Non so bene come parlare di L’approdo di Shaun Tan.
Ti direi, lì per lì, che è da leggere. Puzza un po’ questa frase in quanto sia un fumetto muto. Ed è questo il motivo per cui, lì per lì, dico che è “da leggere”. Fa sempre bene trovare cose diverse da quelle a cui siamo abituati. E vedere come una storia relativamente lunga possa essere raccontata senza dialoghi è sempre molto interessante.
Ma(!) ho detto che è una storia, e questo – forse – è il motivo per cui non riesco proprio a dirti di comprarlo.
Non c’è una vera trama. E non essendoci non c’è spoiler nel dire che tratta di un signore che va in un altro continente per lavorare e manda i soldi alla famiglia; inizialmente è spaesato per il “nuovo mondo”, ma altre persone, che prima di lui hanno intrapreso lo stesso percorso da migranti, lo aiutano; infine riesce a far arrivare anche la famiglia.
Qualcosa, mi ha ostacolate nell’immergermi emozionalmente in queste pagine.
Ma ci sono andato molto vicino.
Di davvero apprezzabile però ci sono vari aspetti.
L’ambientazione del nuovo mondo è praticamente del tutto inventata. Palazzi, animali, cibarie, mezzi di trasporto.

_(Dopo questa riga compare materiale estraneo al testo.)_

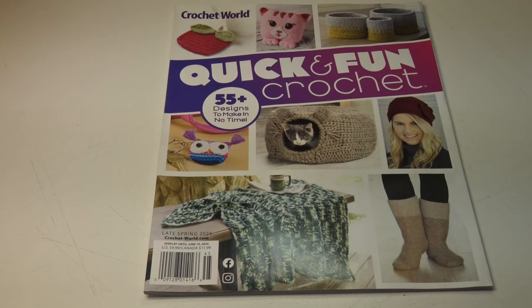Hello everyone, it's Glenda and welcome back to my channel Creative Grandma. Today I have a wonderful crochet magazine review — a sneak peek of Crochet World Quick and Fun Crochet. This magazine has 55 plus designs to make in no time. It's the late spring 2024 issue, displayed until June 2024. It's $9.99 in the United States and $11.99 in Canada. I found my copy at my local Barnes and Noble store, and you should be able to find this online or in your bookstore. So let's go ahead and open it up and take a peek inside.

Questa mancanza di familiarità del contesto e l’assenza dei dialoghi accentua il senso di spaesamento di questa nuova terra (che è chiaramente l’America). Più di una volta ho faticato – insieme al protagonista – a capire che cosa stessi guardando. Fiero.
Lo storytelling è un’altra raffinatezza non trascurabile, ma facilmente perdibile a occhio inesperto. Non stiamo qui a elencare tutte le scelte, altrimenti ti cresce lo zabaione sotto le ascelle (tipico detto della Mongolia occidentale). Ma se dovessi sceglierne uno direi che: mostrare l’interminabile viaggio in nave disegnando solo tante vignette, in una doppia pagina, che ritraggono vari tipi di nuvole a me ha colpito. Forse, detta così, non pare gran cosa, ma “leggendolo” ha restituito una monotonia e noia e attesa che solo una situazione simile può restituire. In fondo – per non sentirti prigioniero di una celletta – o guardi il mare o guardi il cielo.

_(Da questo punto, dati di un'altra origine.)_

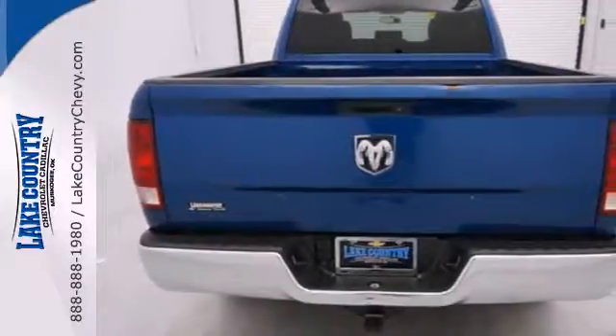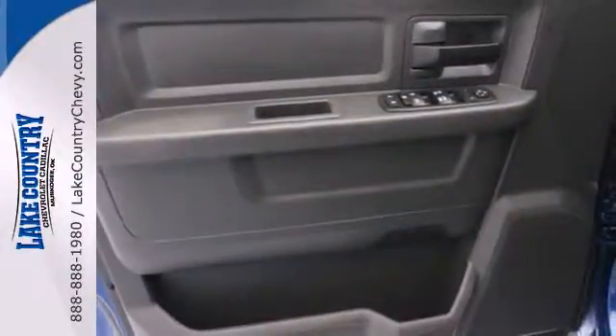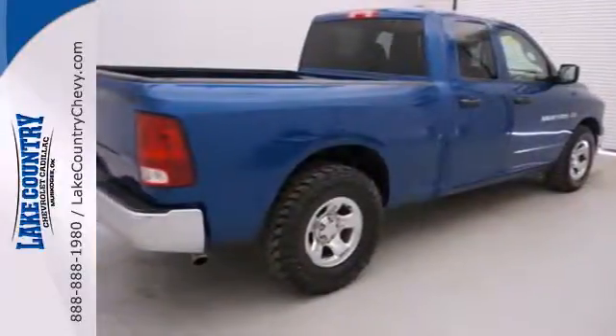Critics and consumers agree that the Ram 1500 provides the best performance and ride quality in its class. That's a combination that's hard to beat. Come on in today and see it for yourself.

Lo dico e lo ripeto, di disegno non sono così ferrato.
Quindi spero che il cielo non si strappi e la dea della mina non mi scolpisca con una HB sulla fronte la scritta Zitto Stronzo quando dico che i disegni mi sono piaciuti… ma non sono così immersivi. Nel senso. Bello cosa ha scelto di rappresentare, i paesaggi e… e il resto. E sicuramente non vedo l’utilizzo di tecniche mostruose. Ma quando, davanti un’apertura, mi trovavo davanti a un paesaggione in cui dovresti fare Wooooo” e invece ho fatto solo Wo. Se non capite cercherò in futuro di non usare simili tecnicismi.
Andiamo a concludere dicendo una cosa che può sembrare banale, ma secondo me è importante.

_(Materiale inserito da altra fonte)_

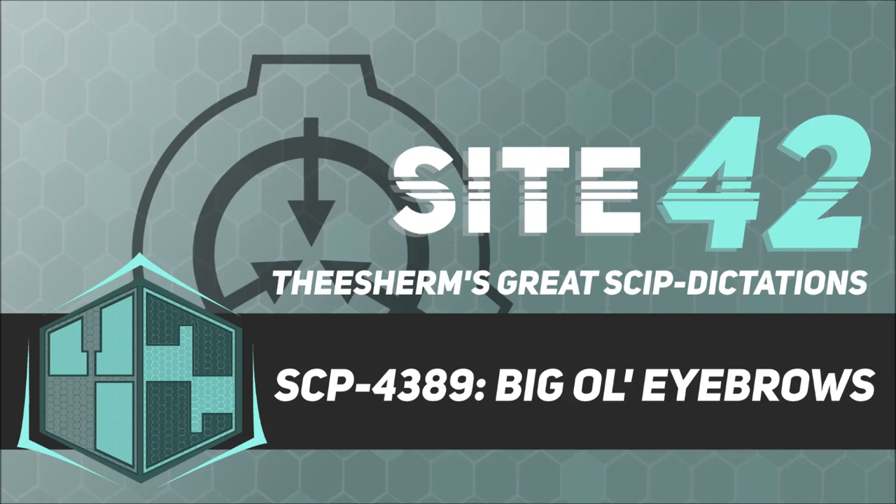Description. SCP-4389 are a species of parasitic moth. SCP-4389's eggs are only 200 micrometers in diameter and are carried by the air until landing on a human's face. Upon contact with human skin oils, SCP-4389 caterpillars will hatch, migrate towards the person's eyebrows, and burrow into hair follicles.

Non ho calcato sul concetto dell’emigrazione perché non c’è un discorso di razzismo. C’è lo spaesamento, sì, ma nessuno di quei momenti che tutti conosciamo in cui ti viene intimato di tornare a casa tua o non vieni fatto salire sul bus. E questa non è una critica ma solo un’osservazione. Tratta di come siamo umani e in quanto umani, nella nostra diversità, simili.
Detto ciò secondo me è un libro da avere e sfogliare con le proprie pargole e pargoli. Vedo già manine che voltano queste paginone guardando i disegni e imparando solo dalle immagini. Io lo facevo da bambino i fumetti di mio padre, senza leggere i balloon e cercando di capire la situazione. E quando i disegni erano particolari, mi soffermavo a cercare i dettagli. A scoprirne di nuovi che non avevo visto la volta prima.
(Usanza che, purtroppo, ho un po’ perso).
Quindi!
Se hai comprato da poco pargole o pargoli o ti va una “lettura” diversa, consigliato.
Altrimenti… beh, consigliato lo stesso, dai!